From all those that hunt woodcock, woods or mountain grouse, huns, chukar, mearns or scale quail, or pheasants there is universal agreement that Missouri Quail Hunting is the hardest to hit upland bird.
Wild Bobwhite Quail are ground and brush loving birds that seek to return to that cover whenever flushed to fly. They rarely fly level or straight. Most will agree the common target acquisition and engagement is at two seconds.
Combine the speed and erratic flight of a quail with walking fatigue and the average hunter on his better days may have a 50% hit rate.
The worst action we could take would be to display all hunting pictures with daily limits. The implied would be that all hunters, every Missouri hunting day would bag a limit. The reality is there are some hunters that have the dog power to get more limits than others. Most hunters have less than limit days. All will agree the potential in covey numbers exist for great hunting. It is the nature of Missouri’s wild quail that they are hard to put in a bag.
Season opens the first of November runs through January 15.
Hunting is seven days a week. No shooting hours other than first to last light.
Residents and nonresidents have the same seasons.
Eight quail daily bag limit.
Dogs on quail retrieve show the micro Missouri hunting cover.
Natural hunting habitat is our description at how the Association does not develop specific cover for Bobwhite hunting. Natural means the outcome from grain farming in river bottoms that creates much crop land to wildlife cover edge hunting habitat. We do not hunt all ground as coveys do not occupy all ground. When it comes time to lease land we simply spend Association hunter dollars to lease private land that has this combination of feed and protective cover. And it is only private land within a region that has a history of Bobwhite covey survival.
A wooded drainage with a boarder of short grass or weeds cutting through a row crop field.
This is a late December picture. The green grass is laid down fescue. The brown grass is foxtail.
The trees may be thinner or thicker and immaterial as it is the low to ground cover along the tree line and the grain field that is the critical quail habitat for the better wild Bobwhite hunting.
Crop field edge cover is a seemingly small point we found required of repetition. All the more so for those traveling in from non-native wild quail population states. That may not be appreciated at this point to for those considering their first hunt out our way. It is a common comment from those completing their first hunt and our motivation for this extensive wild quail cover section of the web site.
Putting all these Missouri wild quail habitat pictures together will help calibrate the eye for where to hunt. As a self guided quail hunter organization knowing what habitat to hunt and that which to ignore will make for a better hunt.

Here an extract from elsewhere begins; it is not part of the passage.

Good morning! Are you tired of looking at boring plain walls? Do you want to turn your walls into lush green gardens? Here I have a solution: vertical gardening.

Missouri cover habitat may seem limited and it is in many spots. On other farms it runs for more miles of linear crop edge than most hunters have the energy to cover. That is one more value of our self guided hunts.
Most hunt hard for a day or two then take a slow day of sleeping in without an alarm, breakfast and then heading out. Quitting early is another option. This more relaxed attitude towards the hunt takes a few years to develop and comes more from the understanding there is more land to hunt than time. And, the coveys are there. The angst about finding a spot to hunt or that of beating the next guy soon disappears.

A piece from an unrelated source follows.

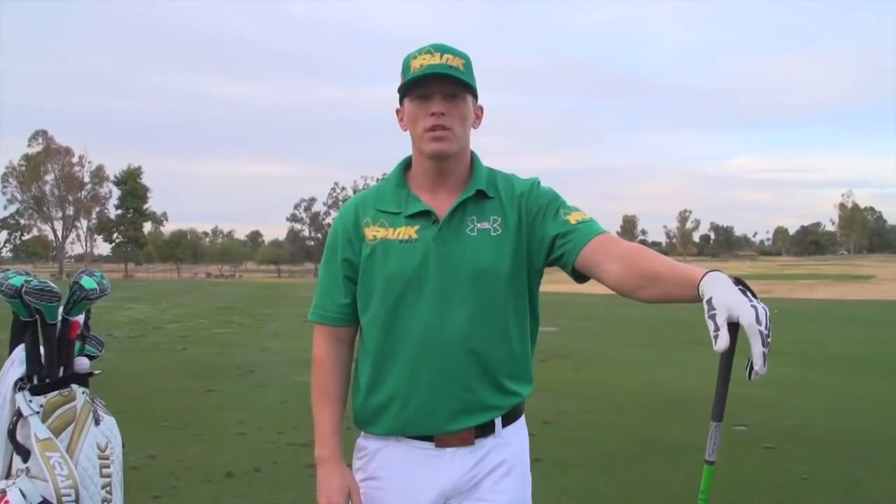Hi, I'm Tyler Kellett with Crank Golf. I finished third this year at the RE-MAX World Long Drive Championships, and I'm here to talk to you today about how to improve your lag and your impact resistance in your swing.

Upland bird hunters must remember they are on private land. That translates to when crops are standing the edges may be hunted, but do not cut through the fields. On a typical season crops are cut. Any cut stubble field may be hunted. Soybeans typically are harvested before corn. Corn is more likely to be standing come opening weekend.
Land to avoid for Bobwhite coveys, a fallow pasture with no crop on it, below.

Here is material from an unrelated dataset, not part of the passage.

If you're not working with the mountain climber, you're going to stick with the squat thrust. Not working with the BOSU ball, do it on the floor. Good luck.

The place to hunt such a farm is along any of its edges boarding a crop field. A likely turkey spot as well. Dogs not broke of turkey may find these long running birds a strong temptation when found in 50+ flocks.
Fallow land is often a sign of other than farming corporate land, equity or investment group land.
Using our online road maps will get the hunter to this sign. The yellow sign is one of ours that gives confidence to the Association hunter he has found the right lease. It will be the online road maps with road names that will get the hunters to the right land.
Regardless of how good our maps may be or our sign postage each new to the Association hunter will feel a bit of hesitation in his gut when stepping on to what he knows to be private land. That hesitation comes from that hunter not personally having met with the landowner before hunting that land. That feeling will soon fade with reassurance of the road names posted at most road intersections that will match that of the Association issued map sheets. The corner post signs serve as further reassurance to hunter he has authority to be on that land.
Another aspect that hunters should remember to help overcome any hesitation is the collective buying power of the Association gets us large acreage corporate farm land. It is possible that any farmer encountered while hunting is an employee or tenant farmer as the actual landowner of the Association hunting land. It is a case that looks may be deceiving. Just because someone is encountered that is dressed like a farmer does not mean he is the landowner of that spot.
Ice fog is far more likely to be encountered during winter than is snow. It is more miserable. While frozen it is just an annoyance. Once the sun comes up and the ice starts to melt it is soaking through to the skin hunting. Fortunately due to common low humidity winter conditions by noon the land is dry again.